Quello che non è andato giù a molti è invece il costo eccessivo dei cibi, dei trasporti e di registrazione, nonché la commercializzazione del forum. Lo si era visto già nei giorni scorsi, ma ieri la contestazione ha raggiunto il suo picco quando i ragazzi degli slum hanno preso di mira il punto di ristoro Windsor, così chiamato perché in epoca coloniale era una catena di ristoranti britannici e ora è di proprietà della famiglia del contestato ministro della Sicurezza. Gli attivisti all’ora di pranzo hanno prima inviato un gruppo di bambini a sedersi alla spicciolata ai tavoli. Poi hanno inscenato un corteo di protesta urlando «free food», «cibo gratis». La polizia, colta di sorpresa, non ha potuto fare niente, mentre l’altro ieri era riuscita a scongiurare un altro tentativo di occupazione. Alla fine, dopo una lunga trattativa, i giovani hanno ottenuto la distribuzione gratuita dei pasti.
Ma quella di ieri è stata soprattutto la giornata in cui si è tentato di dare un senso a questo settimo forum sociale. Per la prima volta si sono svolte assemblee sui temi principali (dall’acqua agli Epa, dall’educazione alla guerra, dalla sovranità alimentare al debito, fino alle migrazioni) finalizzate non solo alla discussione ma a proporre iniziative concrete per il prossimo anno. Nel pomeriggio i risultati sono stati presentati all’assemblea generale, che però si è trasformata in un gran calderone in cui chiunque voleva lanciava le iniziative che aveva in mente: la mobilitazione per la cancellazione del debito a ottobre, una manifestazione contro gli sfratti in Zimbabwe, l’annuncio del prossimo controvertice a Rostock, in Germania, contro il G8, dal 2 all’8 giugno. Non è mancato nemmeno un messaggio di solidarietà con i cittadini di Vicenza che manifesteranno a febbraio contro l’allargamento della base statunitense a Vicenza. La curiosità è che a lanciarlo sia stato un ragazzo spagnolo e nessuno degli italiani. Su tutte, grande eco ha avuto la campagna contro la privatizzazione dell’acqua.

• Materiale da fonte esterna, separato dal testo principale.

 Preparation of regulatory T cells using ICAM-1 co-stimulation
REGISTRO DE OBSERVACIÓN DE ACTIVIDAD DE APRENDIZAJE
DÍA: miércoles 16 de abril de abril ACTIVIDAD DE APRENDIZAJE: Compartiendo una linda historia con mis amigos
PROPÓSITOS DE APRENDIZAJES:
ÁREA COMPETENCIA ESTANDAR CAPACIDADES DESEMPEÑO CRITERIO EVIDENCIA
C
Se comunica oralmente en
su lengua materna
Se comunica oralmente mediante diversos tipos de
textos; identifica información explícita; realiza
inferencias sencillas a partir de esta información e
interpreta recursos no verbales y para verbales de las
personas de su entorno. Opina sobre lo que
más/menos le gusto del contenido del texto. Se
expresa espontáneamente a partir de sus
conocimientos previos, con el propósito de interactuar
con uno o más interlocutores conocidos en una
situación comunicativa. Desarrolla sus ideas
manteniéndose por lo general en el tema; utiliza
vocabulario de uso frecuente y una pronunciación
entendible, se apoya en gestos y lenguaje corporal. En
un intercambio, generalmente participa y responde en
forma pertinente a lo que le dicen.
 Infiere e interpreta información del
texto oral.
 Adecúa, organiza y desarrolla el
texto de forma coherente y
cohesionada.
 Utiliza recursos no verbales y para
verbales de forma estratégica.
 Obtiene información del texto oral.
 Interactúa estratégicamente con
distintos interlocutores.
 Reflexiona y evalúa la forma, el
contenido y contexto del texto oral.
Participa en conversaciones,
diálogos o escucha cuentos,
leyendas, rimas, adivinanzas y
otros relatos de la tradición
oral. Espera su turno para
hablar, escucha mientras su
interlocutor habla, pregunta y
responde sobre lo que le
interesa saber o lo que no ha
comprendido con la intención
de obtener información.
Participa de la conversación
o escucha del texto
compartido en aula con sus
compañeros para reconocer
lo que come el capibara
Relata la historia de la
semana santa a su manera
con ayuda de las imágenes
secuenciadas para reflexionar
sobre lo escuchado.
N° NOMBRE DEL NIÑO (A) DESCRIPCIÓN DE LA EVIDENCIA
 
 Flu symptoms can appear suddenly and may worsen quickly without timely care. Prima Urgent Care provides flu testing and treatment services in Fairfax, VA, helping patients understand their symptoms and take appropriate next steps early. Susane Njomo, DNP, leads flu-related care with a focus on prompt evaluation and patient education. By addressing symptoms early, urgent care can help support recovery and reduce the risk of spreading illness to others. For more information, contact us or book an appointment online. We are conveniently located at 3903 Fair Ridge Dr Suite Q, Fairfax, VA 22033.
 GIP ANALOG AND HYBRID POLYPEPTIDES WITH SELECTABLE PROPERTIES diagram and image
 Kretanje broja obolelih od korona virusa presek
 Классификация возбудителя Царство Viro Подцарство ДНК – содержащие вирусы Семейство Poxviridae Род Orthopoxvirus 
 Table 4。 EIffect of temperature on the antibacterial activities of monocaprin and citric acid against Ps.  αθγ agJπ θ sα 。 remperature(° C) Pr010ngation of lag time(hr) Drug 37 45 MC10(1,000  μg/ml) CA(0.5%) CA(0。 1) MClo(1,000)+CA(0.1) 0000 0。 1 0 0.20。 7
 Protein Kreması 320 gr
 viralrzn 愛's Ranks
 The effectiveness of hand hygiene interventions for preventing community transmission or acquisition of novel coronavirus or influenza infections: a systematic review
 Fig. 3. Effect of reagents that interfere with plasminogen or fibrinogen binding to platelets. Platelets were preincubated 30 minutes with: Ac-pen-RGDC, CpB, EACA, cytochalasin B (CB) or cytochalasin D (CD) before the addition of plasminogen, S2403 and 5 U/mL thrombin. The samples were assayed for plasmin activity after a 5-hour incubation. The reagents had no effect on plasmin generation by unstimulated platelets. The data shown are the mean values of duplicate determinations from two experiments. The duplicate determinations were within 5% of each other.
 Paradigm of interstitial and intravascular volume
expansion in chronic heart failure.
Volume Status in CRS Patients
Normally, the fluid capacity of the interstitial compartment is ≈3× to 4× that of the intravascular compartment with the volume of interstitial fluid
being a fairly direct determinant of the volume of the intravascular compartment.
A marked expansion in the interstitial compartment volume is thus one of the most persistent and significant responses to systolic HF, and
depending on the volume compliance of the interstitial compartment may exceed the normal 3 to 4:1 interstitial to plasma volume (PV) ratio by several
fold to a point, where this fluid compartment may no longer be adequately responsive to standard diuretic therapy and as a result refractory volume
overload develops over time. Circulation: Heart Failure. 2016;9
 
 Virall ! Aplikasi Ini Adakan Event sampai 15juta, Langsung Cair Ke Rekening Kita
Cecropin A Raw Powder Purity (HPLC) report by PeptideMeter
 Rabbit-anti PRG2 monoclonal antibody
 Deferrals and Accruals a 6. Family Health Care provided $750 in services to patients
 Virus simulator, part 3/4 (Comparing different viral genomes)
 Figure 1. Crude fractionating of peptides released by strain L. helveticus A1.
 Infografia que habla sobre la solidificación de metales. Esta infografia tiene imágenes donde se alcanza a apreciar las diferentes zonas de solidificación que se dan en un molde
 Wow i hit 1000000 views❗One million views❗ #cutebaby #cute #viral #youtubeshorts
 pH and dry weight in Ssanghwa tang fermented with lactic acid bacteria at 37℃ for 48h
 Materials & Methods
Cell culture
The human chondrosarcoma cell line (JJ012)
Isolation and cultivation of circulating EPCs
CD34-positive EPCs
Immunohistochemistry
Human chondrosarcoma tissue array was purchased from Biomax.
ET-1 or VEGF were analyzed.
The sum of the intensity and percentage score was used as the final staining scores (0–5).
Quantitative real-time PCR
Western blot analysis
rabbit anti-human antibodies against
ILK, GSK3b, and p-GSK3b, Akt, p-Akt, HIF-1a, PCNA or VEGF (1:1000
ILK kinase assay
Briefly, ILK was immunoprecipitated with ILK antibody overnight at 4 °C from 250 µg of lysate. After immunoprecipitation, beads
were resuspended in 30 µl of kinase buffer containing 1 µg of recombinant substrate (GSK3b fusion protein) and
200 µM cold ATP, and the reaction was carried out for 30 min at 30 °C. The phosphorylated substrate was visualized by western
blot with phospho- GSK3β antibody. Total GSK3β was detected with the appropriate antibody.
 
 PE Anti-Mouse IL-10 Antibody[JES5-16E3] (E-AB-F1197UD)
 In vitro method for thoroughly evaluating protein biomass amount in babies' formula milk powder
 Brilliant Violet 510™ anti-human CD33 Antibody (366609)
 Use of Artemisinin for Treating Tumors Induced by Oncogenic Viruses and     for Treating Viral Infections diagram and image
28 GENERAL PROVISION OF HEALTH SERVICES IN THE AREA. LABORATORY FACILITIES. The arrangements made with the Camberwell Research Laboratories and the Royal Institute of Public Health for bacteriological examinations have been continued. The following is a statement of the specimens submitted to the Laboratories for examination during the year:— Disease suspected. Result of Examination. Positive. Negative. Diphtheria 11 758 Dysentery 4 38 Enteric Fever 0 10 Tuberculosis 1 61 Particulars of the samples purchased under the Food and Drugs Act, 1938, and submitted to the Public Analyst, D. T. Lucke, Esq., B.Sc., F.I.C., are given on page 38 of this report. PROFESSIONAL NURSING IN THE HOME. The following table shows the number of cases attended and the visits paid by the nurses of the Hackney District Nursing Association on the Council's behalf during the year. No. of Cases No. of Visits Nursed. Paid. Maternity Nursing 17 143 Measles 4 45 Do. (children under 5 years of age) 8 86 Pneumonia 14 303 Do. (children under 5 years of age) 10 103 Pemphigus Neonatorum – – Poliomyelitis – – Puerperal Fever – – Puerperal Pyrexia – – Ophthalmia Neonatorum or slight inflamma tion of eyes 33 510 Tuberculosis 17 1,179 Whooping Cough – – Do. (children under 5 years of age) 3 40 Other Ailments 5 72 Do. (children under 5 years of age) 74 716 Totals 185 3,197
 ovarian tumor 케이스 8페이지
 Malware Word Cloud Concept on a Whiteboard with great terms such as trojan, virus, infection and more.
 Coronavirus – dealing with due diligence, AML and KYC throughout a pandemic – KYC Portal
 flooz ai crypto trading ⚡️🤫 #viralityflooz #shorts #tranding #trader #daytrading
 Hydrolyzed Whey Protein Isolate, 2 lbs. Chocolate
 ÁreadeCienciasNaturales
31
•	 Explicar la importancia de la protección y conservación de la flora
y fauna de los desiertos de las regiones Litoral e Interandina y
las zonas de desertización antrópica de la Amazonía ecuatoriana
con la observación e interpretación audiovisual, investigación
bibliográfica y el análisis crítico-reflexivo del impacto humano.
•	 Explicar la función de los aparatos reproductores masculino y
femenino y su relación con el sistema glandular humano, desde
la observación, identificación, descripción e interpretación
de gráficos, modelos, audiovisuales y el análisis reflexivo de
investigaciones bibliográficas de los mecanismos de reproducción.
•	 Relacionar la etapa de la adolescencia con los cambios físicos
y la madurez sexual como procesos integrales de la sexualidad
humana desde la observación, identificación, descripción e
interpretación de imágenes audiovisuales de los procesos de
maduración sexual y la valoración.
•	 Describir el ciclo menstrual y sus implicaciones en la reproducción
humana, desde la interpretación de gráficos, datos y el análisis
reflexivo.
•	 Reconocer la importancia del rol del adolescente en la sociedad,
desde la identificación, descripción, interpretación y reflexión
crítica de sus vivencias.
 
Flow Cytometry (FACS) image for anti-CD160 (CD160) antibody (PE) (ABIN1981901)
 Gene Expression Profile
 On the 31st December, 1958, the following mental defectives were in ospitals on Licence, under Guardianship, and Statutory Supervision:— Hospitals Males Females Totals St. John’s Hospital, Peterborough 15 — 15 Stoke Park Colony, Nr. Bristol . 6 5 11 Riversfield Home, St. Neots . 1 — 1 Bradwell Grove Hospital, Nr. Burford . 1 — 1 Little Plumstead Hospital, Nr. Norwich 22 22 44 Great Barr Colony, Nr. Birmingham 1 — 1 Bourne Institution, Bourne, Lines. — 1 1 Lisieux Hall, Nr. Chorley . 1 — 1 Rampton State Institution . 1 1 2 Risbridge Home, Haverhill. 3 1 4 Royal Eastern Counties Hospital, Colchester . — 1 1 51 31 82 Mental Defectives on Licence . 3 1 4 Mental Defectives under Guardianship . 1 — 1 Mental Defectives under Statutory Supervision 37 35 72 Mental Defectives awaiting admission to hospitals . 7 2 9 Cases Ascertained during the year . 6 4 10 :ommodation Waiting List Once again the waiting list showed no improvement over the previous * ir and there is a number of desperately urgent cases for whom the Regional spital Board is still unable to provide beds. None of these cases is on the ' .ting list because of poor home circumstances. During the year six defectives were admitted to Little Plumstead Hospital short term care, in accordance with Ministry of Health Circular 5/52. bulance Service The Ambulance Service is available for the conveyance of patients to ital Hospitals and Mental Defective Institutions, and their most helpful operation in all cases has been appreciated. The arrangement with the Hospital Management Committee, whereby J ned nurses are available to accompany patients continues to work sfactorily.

Proprio questo argomento ieri pomeriggio ha creato qualche momento di tensione tra gli italiani. Una lite arrivata dopo molti giorni di malumori dovuti alla presenza considerata troppo «ingombrante» della Tavola della pace e che si è riversata poi su alcuni aspetti dell’organizzazione: ad esempio il fatto che la delegazione ha avuto come punto di riferimento l’hotel Hilton, che si trova al centro della città (anche se chi ci vive giura che il lusso non è di casa). Ieri, durante la presentazione della prossima marcia Perugia-Assisi, che si svolgerà il prossimo 7 ottobre, Alex Zanotelli ha chiesto a Flavio Lotti «coerenza», chiedendo di escludere i gonfaloni dei comuni impegnati in progetti di privatizzazione dell’acqua. Il coordinatore della Tavola ha replicato che non sta a lui giudicare «chi marcia vicino a me». Ne è scaturita una contestazione, animata da attivisti di Ya Basta e della Rete del nuovo municipio, contro la mancanza di dialogo e di trasparenza sulle decisioni e anche sulle parole d’ordine lanciate dalla Tavola, «contro la povertà e per il sostegno all’allargamento della presenza civile nelle missioni militari». C’è infatti chi avrebbe gradito una posizione molto più netta contro la guerra. Non è stato così nemmeno sulla Somalia. L’unica parola d’ordine in comune è «stop bombing», cioè fermare i bombardamenti, senza alcuna critica al ruolo dell’Etiopia e degli Usa.